5th International Symposium on Leprosy and Human Rights

Geneva, Switzerland

It is indeed a great pleasure to see all of you at this fifth symposium on leprosy and human rights, today.

As it was mentioned in the first video, leprosy is one of the most discriminated diseases of human history. During the days when a cure was yet to be found, it was feared as an incurable diseases or God’s punishment.

For centuries, people affected by leprosy were ousted from their own hometown to be isolated in faraway villages and islands. The stigma against leprosy not only burdened the affected individuals but also their family members.

The advent of Multi Drug Therapy in the 1980’s brought about a major advancement in the treatment of leprosy. The subsequent distribution of the drugs, free of charge, universally in the 1990’s showed extremely satisfying results and liberated large numbers of patients from the scourge of humankind.

Furthermore, with early detection and treatment, leprosy could now be cured before the onset of any possible physical deformity. I expected that once the individual was cured of the disease discrimination would gradually fade. However, I was terribly wrong.

Despite this dramatic advancement in medical science, leprosy continued to torment people affected by leprosy—even those who had been cured of the disease—with the hard to erase, century-old stigma and discrimination instilled in the minds of people.

For more than four decades I have traveled the world and met with many men women and children affected by leprosy.

They all had different stories to tell~
~those who lost their work or were forced into divorce because they had been diagnosed with leprosy,
~those who were disowned by their families and were given no choice but to live in a colony,
~those who never tried to leave the colony for fear of discrimination from mainstream society,
All of these stories were different, yet there was one common factor: their immense suffering due to unforgivable violations of their human rights.

My heart was set to fight this grave social injustice. And I started to explore ways in which the plight of people affected by leprosy could be recognized by the international community as an issue of human rights.

Hence, in 2003, I went to the United Nations Office of the High Commissioner of Human Rights in Geneva. Seven years hence the Resolution on Elimination of Discrimination against People Affected by Leprosy and their Family Members was unanimously adopted at the United Nations General Assembly in December 2010. The resolution recommends governments, other bodies, and actors in society to give due consideration to the accompanying principles and guidelines, or P&G, when they are formulating and implementing policies.

This resolution in itself was a great milestone. But the nature of the resolution and its accompanying P&G were such that they were not legally binding documents. Therefore, without the implementation of the P&G by member states, nothing would change. People affected by leprosy would continue to live in fierce discrimination and violation of their human rights.

To prevent such an outcome, The Nippon Foundation took the initiative to hold five regional symposia in Brazil, India, Ethiopia and Morocco to ensure the UN resolution and the accompanying P&G would reach a wide spectrum of society including states, policy makers and all other stakeholders.

And we are holding the fifth and final symposium here in Geneva, a city that has a special place in my heart. This is a city to remember where the first major stride towards the elimination of discrimination against people affected by leprosy was taken.

As we look back on the past regional symposia, we see that each one concluded with concrete actions. The most notable among them is the establishment of the International Working Group (IWG).

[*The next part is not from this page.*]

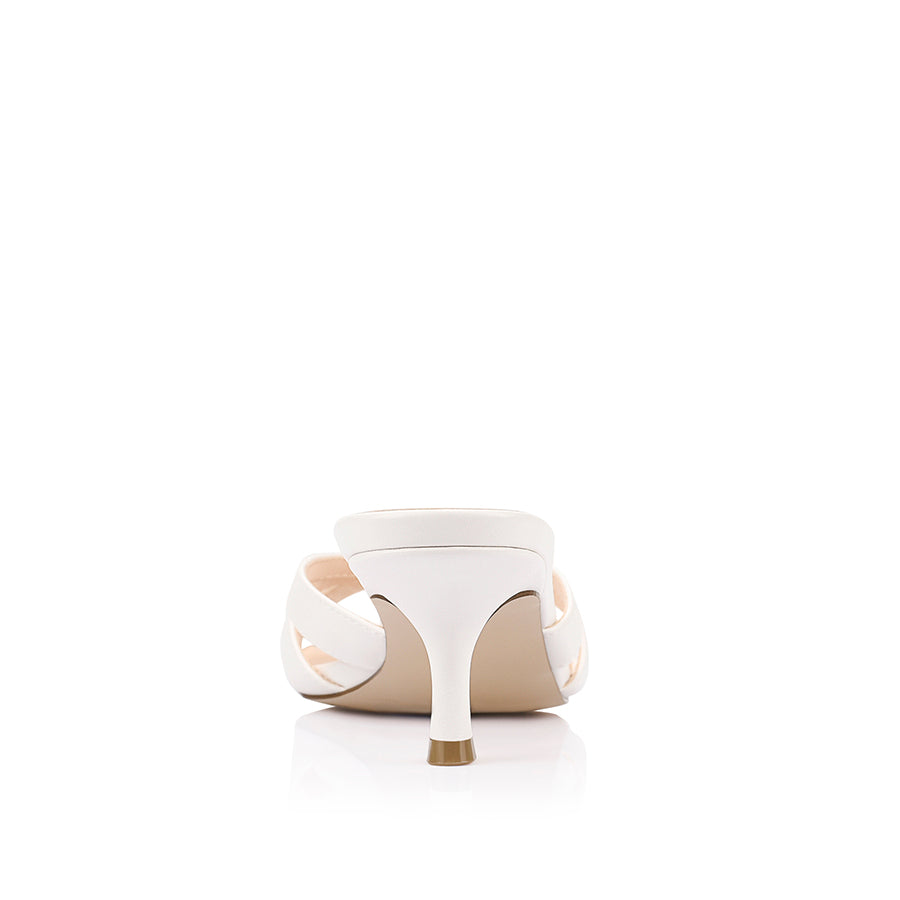 Women's chalk white kitten heel mule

The IWG under the leadership of the chair, Dr. Yozo Yokota, is a global working group of human rights experts. The group has been formulating action plans and a new follow up mechanism to better monitor how the states and other actors are implementing the P&G. Details on IWG’s activities will be shared by a member today, but I would like to take this opportunity to thank the members for their tremendous contributions.

Along with the work of the IWG, the Japanese Government will submit to the UN Human Rights Council which is currently in session, a new resolution. This will be a follow-up resolution to the 2010 UN resolution which called for an end to the discrimination against people affected by leprosy and their family members. Ambassador Mr. Yoichi Otabe, Representative Mission of Japan to International Organization in Geneva will kindly share with us the details later on.

I would like to take this opportunity to convey my deepest respects to the endeavors of the Japanese government. If adopted, the new resolution will enable further research by the Advisory Committee and establish a sustainable mechanism for the implementation of the P&G.

Another key stakeholder in ensuring the effective implementation of the P&G is people affected by leprosy themselves. It is a great honor and pleasure to share with you, the positive developments I have seen on their part.

The Nippon Foundation has always been advocating the idea that people affected by leprosy should play a leading role in rooting out discrimination. Based on this principle, we supported the inception of a national organization called Association of People Affected by Leprosy or APAL, in India, and have been supporting their operation ever since.